PROBLEM DETAILS: Once the line containing "LollaGirl online show" is found in the records below, return it and each following line exactly, up to and including the line containing "76-и ден на", and nothing else.

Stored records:
=== Begin Enclosure ===

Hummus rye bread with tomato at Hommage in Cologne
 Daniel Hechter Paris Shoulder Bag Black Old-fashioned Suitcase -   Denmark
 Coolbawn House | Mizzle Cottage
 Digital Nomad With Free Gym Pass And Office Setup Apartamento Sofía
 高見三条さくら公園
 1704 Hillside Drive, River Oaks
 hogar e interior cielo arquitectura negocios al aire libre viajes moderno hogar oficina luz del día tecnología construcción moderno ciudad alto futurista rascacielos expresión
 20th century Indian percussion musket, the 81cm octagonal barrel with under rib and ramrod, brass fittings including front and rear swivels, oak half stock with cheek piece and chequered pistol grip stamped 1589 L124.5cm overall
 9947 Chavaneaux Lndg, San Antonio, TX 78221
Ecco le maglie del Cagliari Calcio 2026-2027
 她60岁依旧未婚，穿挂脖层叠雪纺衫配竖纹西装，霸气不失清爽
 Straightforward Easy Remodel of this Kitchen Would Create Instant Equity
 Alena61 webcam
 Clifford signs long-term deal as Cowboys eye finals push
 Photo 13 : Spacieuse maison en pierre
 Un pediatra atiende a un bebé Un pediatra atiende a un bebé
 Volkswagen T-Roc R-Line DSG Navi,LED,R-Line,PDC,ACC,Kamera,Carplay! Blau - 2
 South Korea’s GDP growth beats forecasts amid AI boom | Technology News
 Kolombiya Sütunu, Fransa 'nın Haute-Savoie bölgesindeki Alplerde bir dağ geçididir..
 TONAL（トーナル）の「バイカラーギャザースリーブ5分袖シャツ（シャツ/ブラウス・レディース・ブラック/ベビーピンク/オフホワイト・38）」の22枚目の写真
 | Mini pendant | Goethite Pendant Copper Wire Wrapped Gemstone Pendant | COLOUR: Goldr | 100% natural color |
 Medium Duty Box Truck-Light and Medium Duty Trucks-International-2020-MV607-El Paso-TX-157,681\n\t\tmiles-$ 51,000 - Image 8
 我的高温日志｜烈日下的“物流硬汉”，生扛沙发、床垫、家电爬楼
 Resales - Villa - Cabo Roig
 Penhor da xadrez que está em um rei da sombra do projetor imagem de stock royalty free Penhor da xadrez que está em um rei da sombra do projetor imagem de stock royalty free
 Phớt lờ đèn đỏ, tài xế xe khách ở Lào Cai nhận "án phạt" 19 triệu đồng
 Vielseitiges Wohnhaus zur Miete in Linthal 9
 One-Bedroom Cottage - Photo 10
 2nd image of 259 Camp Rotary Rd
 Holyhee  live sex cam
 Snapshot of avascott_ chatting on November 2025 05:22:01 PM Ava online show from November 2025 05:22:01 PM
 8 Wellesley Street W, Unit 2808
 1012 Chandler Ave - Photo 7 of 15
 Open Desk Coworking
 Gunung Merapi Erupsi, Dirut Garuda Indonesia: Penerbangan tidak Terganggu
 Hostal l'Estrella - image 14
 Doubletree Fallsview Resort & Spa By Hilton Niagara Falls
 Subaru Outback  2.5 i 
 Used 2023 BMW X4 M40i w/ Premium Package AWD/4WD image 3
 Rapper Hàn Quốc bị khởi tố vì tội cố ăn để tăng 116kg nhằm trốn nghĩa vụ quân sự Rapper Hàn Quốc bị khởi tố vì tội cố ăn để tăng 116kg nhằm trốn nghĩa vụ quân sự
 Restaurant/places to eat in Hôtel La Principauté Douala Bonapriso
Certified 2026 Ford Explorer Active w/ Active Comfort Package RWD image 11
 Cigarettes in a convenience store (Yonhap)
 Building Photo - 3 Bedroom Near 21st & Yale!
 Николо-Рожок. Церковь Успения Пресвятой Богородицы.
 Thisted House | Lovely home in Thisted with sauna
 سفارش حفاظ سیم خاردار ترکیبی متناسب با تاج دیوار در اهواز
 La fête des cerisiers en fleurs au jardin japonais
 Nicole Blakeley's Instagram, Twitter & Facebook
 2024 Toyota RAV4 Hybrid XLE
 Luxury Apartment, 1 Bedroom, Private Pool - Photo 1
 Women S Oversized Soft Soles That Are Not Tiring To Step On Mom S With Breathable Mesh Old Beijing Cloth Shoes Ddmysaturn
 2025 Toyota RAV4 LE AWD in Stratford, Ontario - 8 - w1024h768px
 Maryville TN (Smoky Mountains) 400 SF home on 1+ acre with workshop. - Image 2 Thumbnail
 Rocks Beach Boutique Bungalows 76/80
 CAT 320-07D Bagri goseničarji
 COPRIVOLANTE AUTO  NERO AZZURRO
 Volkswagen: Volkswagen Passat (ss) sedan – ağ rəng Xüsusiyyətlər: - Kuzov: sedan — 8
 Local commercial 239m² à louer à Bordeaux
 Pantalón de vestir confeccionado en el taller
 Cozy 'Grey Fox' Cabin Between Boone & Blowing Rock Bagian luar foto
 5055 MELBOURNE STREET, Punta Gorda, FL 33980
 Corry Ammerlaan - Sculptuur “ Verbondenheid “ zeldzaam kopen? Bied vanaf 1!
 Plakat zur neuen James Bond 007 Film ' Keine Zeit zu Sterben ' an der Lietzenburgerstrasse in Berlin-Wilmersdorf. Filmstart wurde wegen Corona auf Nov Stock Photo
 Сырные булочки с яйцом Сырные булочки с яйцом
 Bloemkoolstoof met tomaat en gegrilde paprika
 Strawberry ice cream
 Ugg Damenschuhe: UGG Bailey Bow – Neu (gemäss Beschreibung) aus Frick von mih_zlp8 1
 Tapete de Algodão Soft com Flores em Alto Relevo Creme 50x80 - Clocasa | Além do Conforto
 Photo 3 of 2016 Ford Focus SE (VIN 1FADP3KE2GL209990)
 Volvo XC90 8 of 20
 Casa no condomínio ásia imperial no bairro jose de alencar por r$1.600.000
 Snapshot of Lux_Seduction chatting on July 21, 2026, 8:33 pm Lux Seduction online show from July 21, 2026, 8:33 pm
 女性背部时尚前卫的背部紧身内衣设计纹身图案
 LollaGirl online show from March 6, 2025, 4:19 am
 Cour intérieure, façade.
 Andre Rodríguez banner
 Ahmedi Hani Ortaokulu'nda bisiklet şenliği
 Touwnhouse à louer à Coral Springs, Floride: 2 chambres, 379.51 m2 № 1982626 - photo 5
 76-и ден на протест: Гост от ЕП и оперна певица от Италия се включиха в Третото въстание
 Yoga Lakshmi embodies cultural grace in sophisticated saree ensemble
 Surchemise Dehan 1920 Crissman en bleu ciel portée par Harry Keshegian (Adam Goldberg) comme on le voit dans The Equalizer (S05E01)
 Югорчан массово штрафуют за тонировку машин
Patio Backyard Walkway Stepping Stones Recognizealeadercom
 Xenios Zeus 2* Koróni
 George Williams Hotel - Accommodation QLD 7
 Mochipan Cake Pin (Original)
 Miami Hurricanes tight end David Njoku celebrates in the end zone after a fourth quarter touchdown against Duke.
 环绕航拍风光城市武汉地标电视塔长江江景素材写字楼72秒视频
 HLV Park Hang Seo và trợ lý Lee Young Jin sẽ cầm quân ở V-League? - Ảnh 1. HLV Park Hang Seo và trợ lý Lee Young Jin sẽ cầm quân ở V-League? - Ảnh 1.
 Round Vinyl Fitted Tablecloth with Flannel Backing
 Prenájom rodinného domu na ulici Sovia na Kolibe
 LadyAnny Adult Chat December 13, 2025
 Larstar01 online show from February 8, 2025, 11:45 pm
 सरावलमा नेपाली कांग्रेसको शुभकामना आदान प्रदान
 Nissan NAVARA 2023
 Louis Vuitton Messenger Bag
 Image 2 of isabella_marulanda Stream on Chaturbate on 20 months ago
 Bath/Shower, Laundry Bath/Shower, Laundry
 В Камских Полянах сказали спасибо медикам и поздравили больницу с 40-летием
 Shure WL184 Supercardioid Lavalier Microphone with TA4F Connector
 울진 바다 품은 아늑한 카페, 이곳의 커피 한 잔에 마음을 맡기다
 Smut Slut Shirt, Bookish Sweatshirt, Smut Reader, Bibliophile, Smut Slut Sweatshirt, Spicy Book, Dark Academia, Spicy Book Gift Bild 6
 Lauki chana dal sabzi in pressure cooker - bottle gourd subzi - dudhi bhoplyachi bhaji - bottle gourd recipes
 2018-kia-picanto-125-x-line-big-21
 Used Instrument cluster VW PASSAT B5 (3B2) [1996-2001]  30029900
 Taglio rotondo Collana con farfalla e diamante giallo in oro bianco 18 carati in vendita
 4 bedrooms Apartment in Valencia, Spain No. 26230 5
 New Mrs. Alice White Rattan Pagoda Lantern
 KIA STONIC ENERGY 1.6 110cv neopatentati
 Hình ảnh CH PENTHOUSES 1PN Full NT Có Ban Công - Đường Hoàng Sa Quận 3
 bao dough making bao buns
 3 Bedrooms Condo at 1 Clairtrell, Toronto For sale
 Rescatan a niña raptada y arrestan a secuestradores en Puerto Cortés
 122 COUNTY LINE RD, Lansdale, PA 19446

=== End Enclosure ===

RESPONSE AREA:
 LollaGirl online show from March 6, 2025, 4:19 am
 Cour intérieure, façade.
 Andre Rodríguez banner
 Ahmedi Hani Ortaokulu'nda bisiklet şenliği
 Touwnhouse à louer à Coral Springs, Floride: 2 chambres, 379.51 m2 № 1982626 - photo 5
 76-и ден на протест: Гост от ЕП и оперна певица от Италия се включиха в Третото въстание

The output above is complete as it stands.